Please set down exactly the lines from the one containing "Police Sieviešu Saulesbrilles" through the last line of the records below, both included, with no pictures.

→ Data extracts:
───

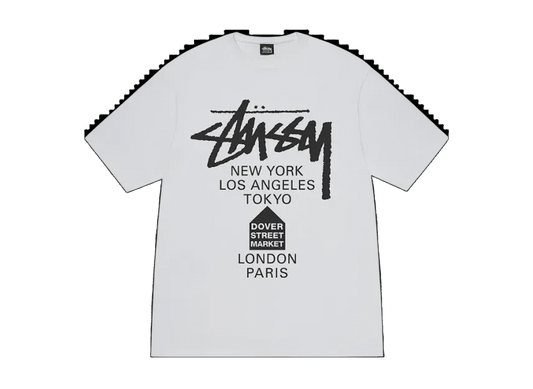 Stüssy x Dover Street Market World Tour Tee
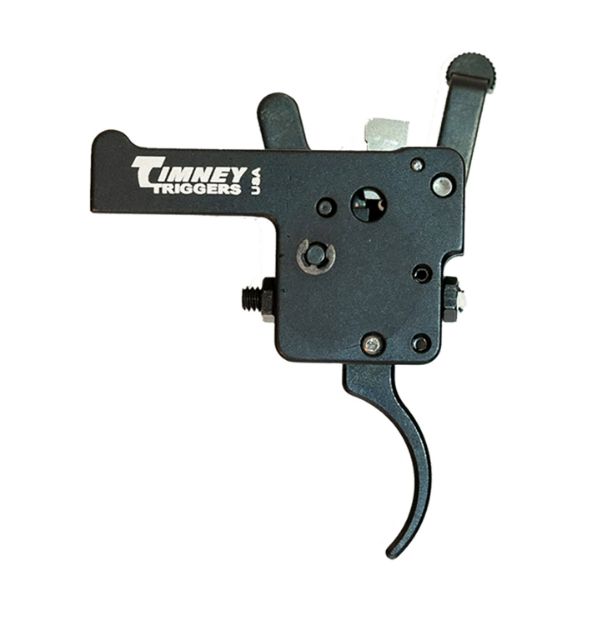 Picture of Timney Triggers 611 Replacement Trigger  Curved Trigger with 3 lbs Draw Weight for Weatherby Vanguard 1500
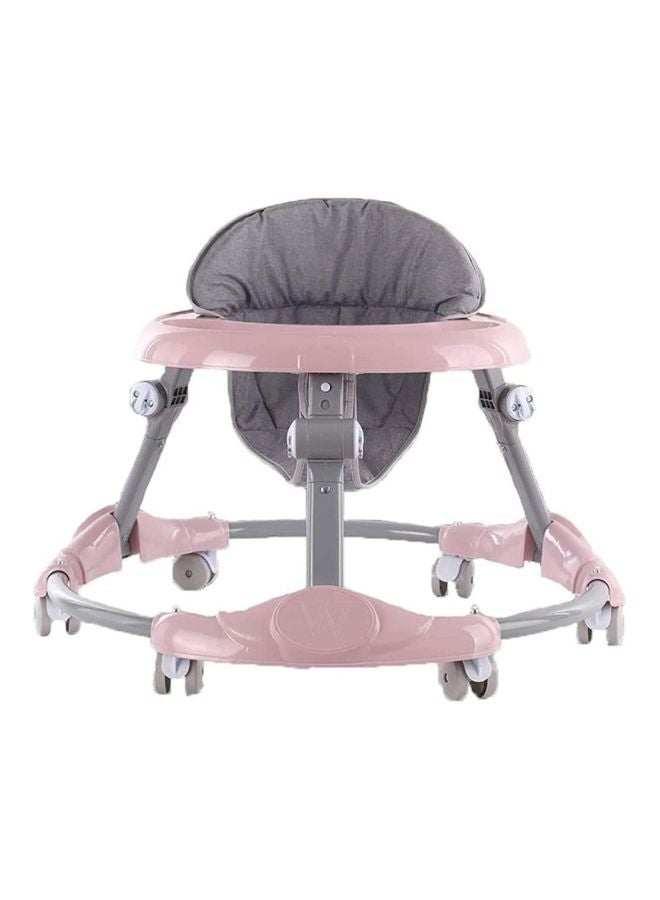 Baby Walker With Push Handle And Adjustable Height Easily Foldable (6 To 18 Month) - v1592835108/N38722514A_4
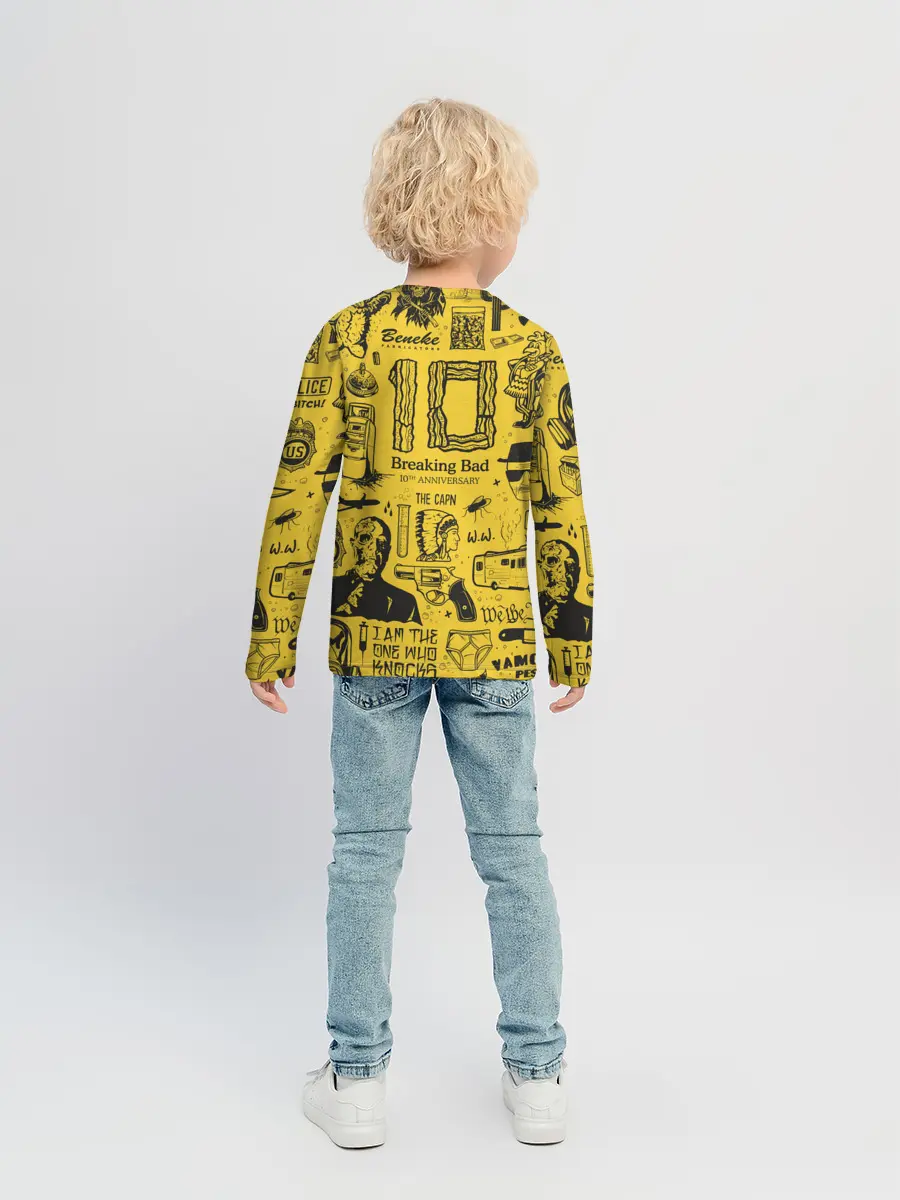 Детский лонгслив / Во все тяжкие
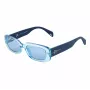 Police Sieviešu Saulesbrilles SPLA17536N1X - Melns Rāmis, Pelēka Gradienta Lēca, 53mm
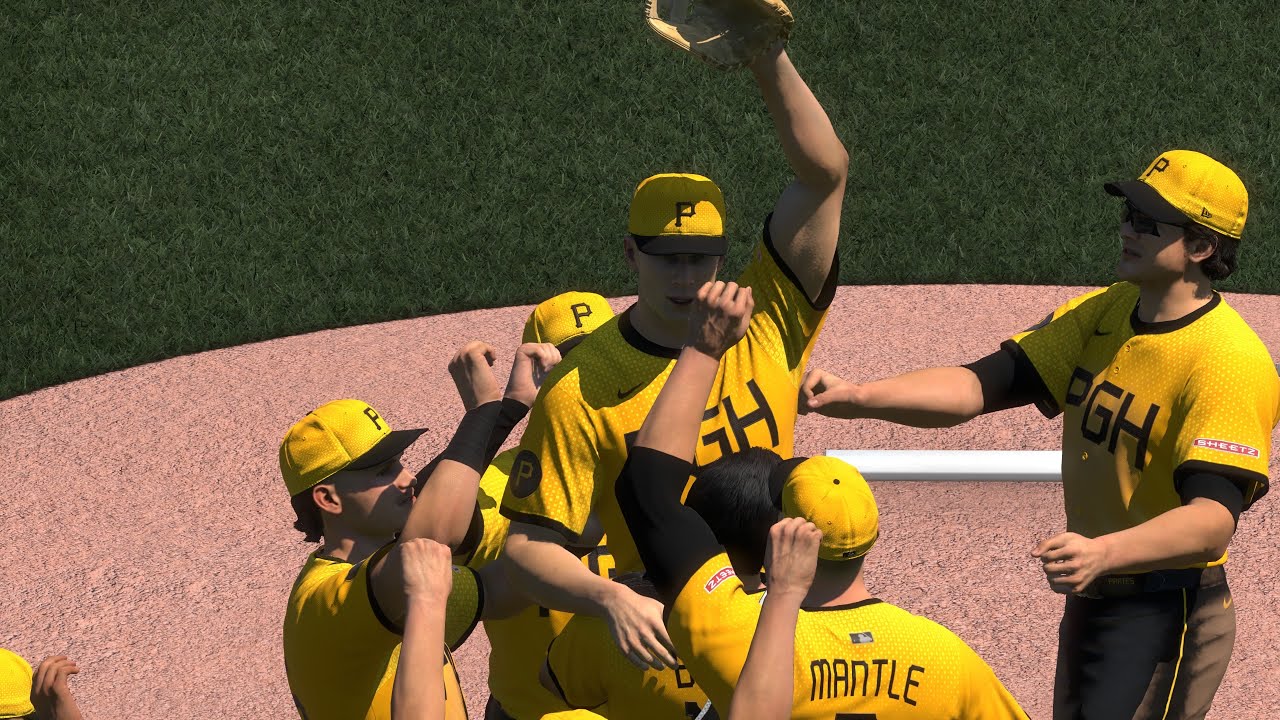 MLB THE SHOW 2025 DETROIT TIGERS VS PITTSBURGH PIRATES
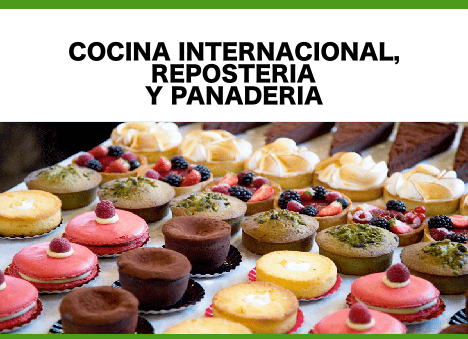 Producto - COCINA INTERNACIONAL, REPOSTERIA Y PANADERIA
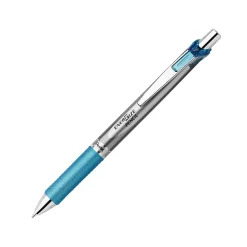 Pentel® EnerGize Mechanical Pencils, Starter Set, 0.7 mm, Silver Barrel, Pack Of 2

───

→ Answer to the problem:
 Police Sieviešu Saulesbrilles SPLA17536N1X - Melns Rāmis, Pelēka Gradienta Lēca, 53mm
 MLB THE SHOW 2025 DETROIT TIGERS VS PITTSBURGH PIRATES
 Producto - COCINA INTERNACIONAL, REPOSTERIA Y PANADERIA
 Pentel® EnerGize Mechanical Pencils, Starter Set, 0.7 mm, Silver Barrel, Pack Of 2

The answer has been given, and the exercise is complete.